* **Work instructions**
Reproduce the listing exactly, with no pictures in your copy.
***** Data
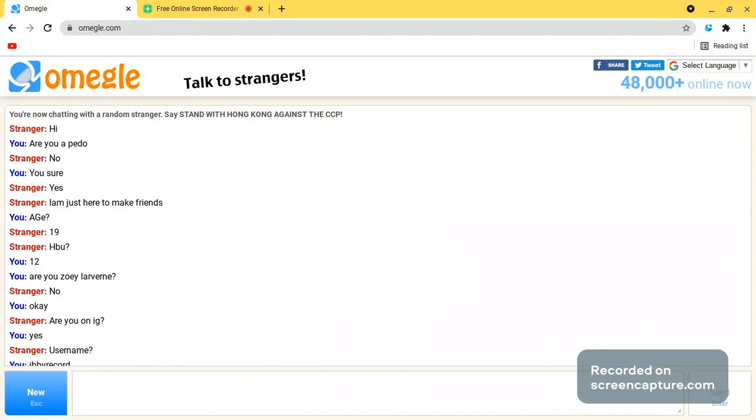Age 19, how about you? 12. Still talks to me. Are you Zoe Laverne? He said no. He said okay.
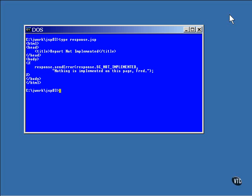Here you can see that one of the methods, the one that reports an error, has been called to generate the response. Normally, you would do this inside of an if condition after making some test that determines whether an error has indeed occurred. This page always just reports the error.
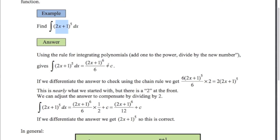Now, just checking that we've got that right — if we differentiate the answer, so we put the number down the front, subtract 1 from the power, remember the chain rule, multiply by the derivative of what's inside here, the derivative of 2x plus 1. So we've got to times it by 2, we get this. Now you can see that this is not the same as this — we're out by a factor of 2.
**********
* **Response to this task**
Age 19, how about you? 12. Still talks to me. Are you Zoe Laverne? He said no. He said okay.
Here you can see that one of the methods, the one that reports an error, has been called to generate the response. Normally, you would do this inside of an if condition after making some test that determines whether an error has indeed occurred. This page always just reports the error.
Now, just checking that we've got that right — if we differentiate the answer, so we put the number down the front, subtract 1 from the power, remember the chain rule, multiply by the derivative of what's inside here, the derivative of 2x plus 1. So we've got to times it by 2, we get this. Now you can see that this is not the same as this — we're out by a factor of 2.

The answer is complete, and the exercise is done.